─── Data for processing

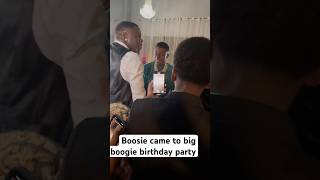 BOOSIE CAME TO BIG BOOGIE PARTY trending boosie cmg [upl. by Attirb742]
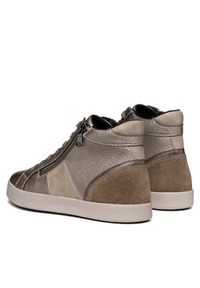 Geox Sneakersy D Blomiee D366HD 02N22 C6029 Beżowy. Kolor: beżowy. Materiał: skóra
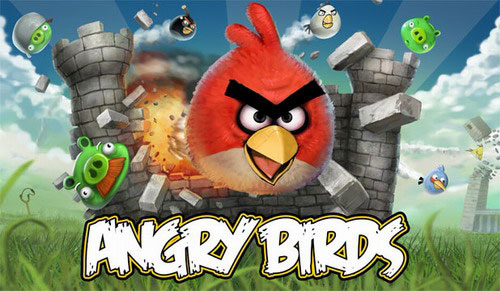 最畅销iPhone手机游戏《愤怒的小鸟》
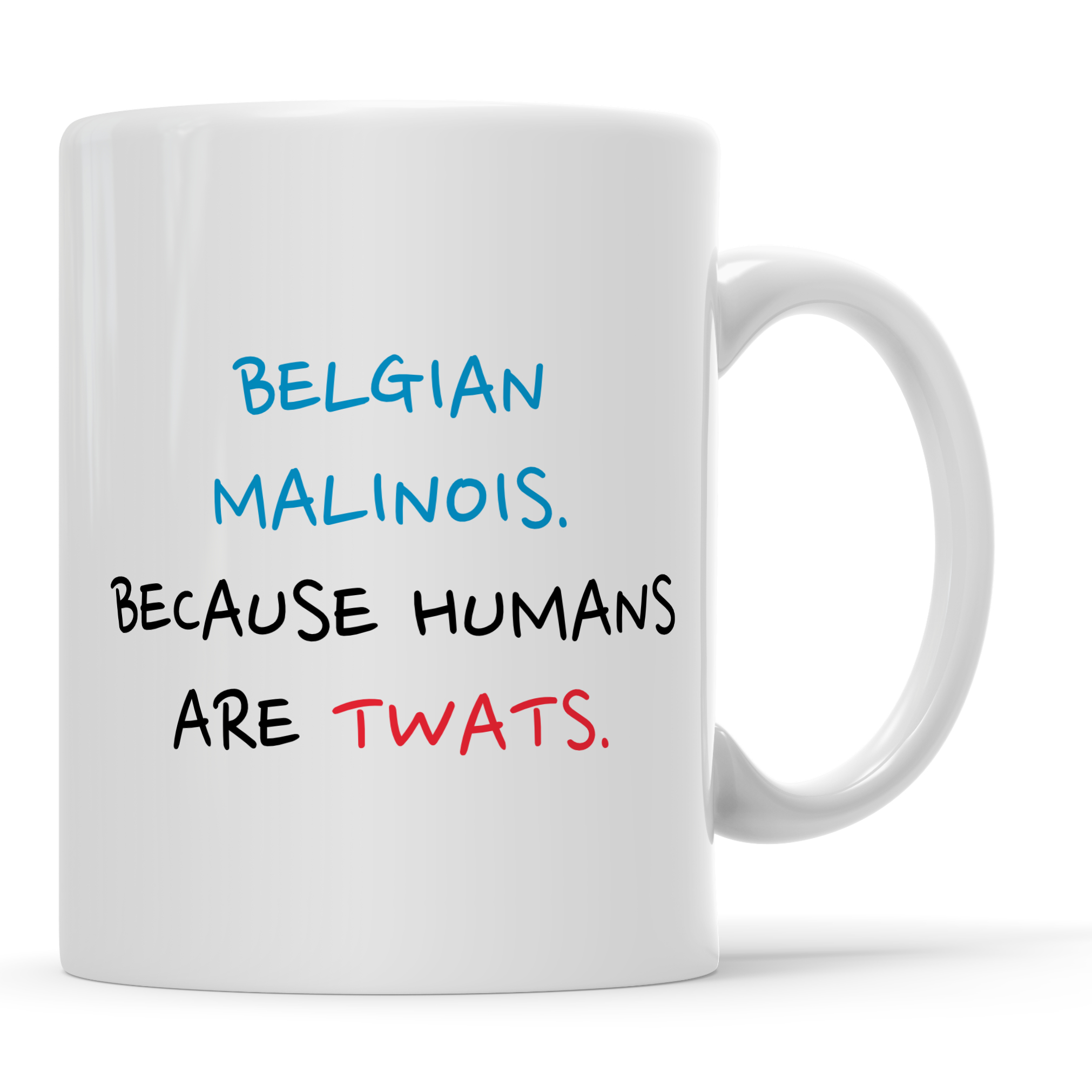 Personalised Belgian Malinois Dog Mug Ceramic Coffee Mug Gift for Dog Lovers - Image 6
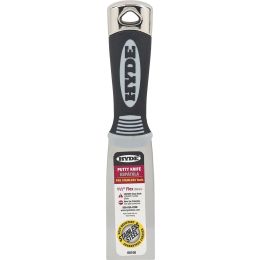 Hyde 1-1/2" Pro Stainless Flex Putty Knife Hammer Head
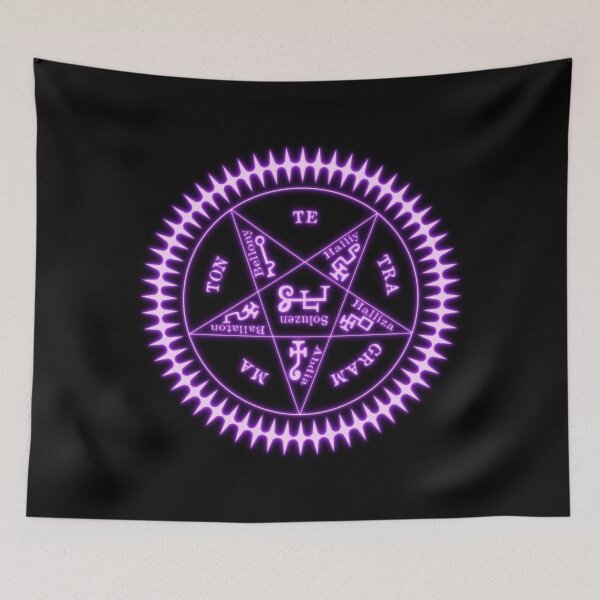 Item preview, Tetragrammaton Sigil Light Black designed and sold by Falln.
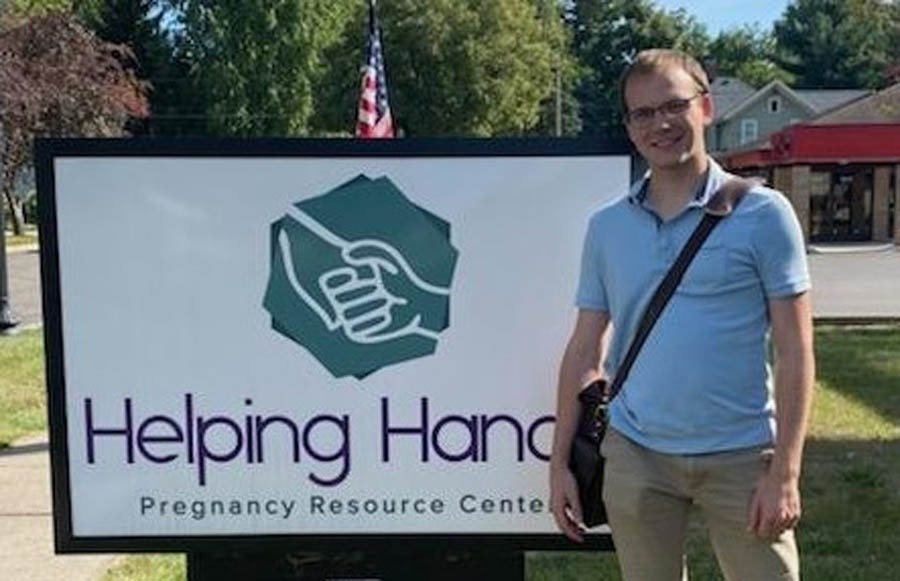 Passion for life, called to lead – Young pregnancy help director eager to inspire others to stand for life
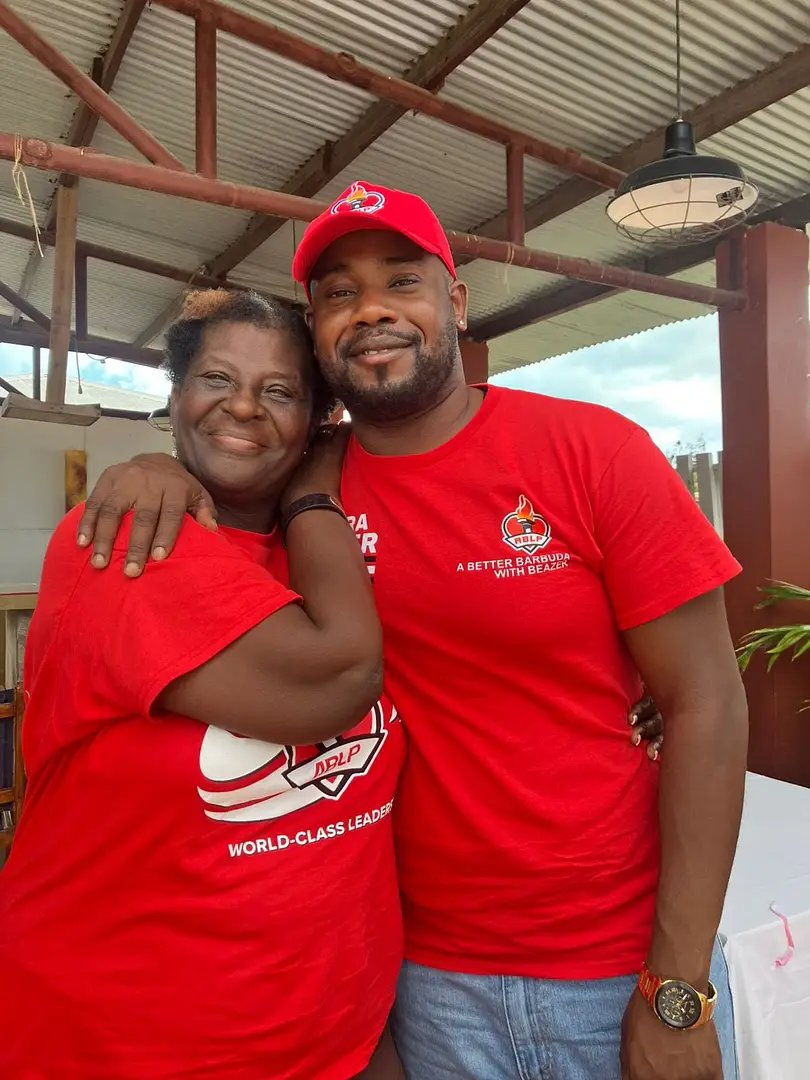 ABLP's Beazer Pledges Heritage, Youth, and Community Focus in Barbuda Campaign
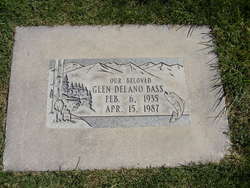 Glen Delano Bass 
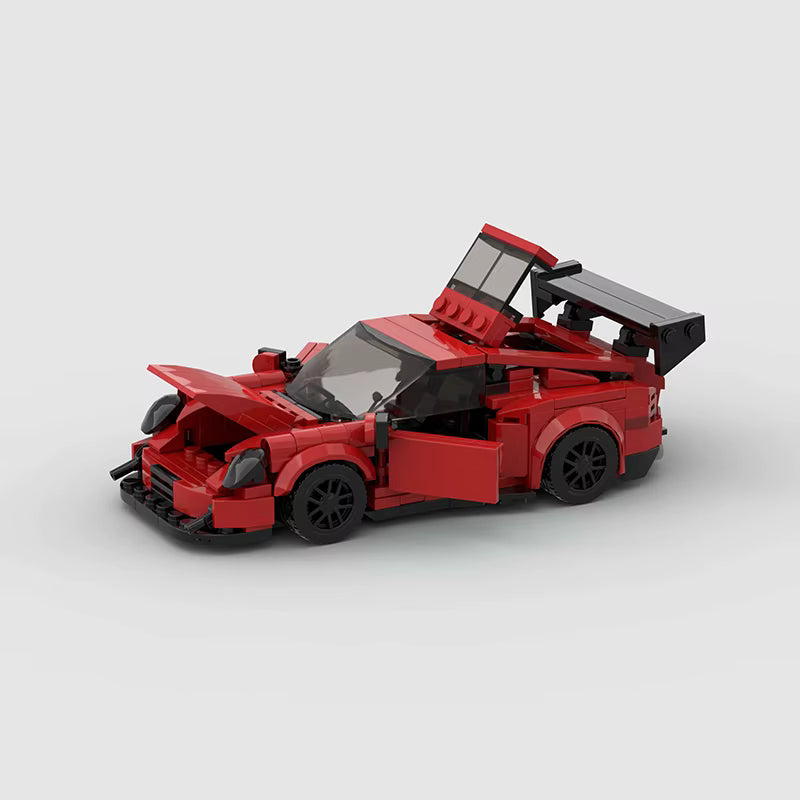 GT3 RS Red Edition | 374 pcs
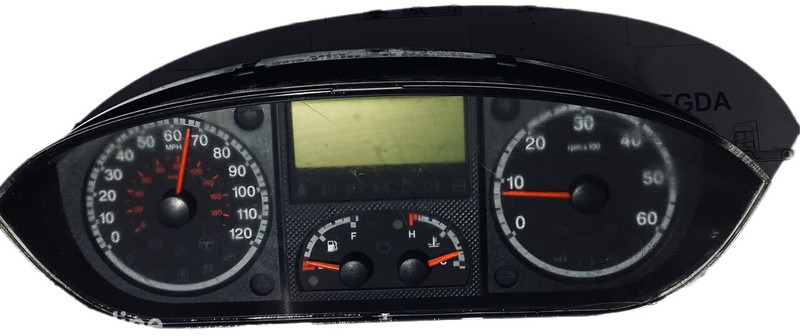 Fiat Ducato - Armaturenbrett: das Bild 1 Fiat Ducato - Armaturenbrett: das Bild 1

──────

* What you need to do:
The result is an exact copy of the lines from the one holding "Glen Delano Bass" through the final line of the data above, both ends included, minus the pictures.

* Final answer:
 Glen Delano Bass 
 GT3 RS Red Edition | 374 pcs
 Fiat Ducato - Armaturenbrett: das Bild 1 Fiat Ducato - Armaturenbrett: das Bild 1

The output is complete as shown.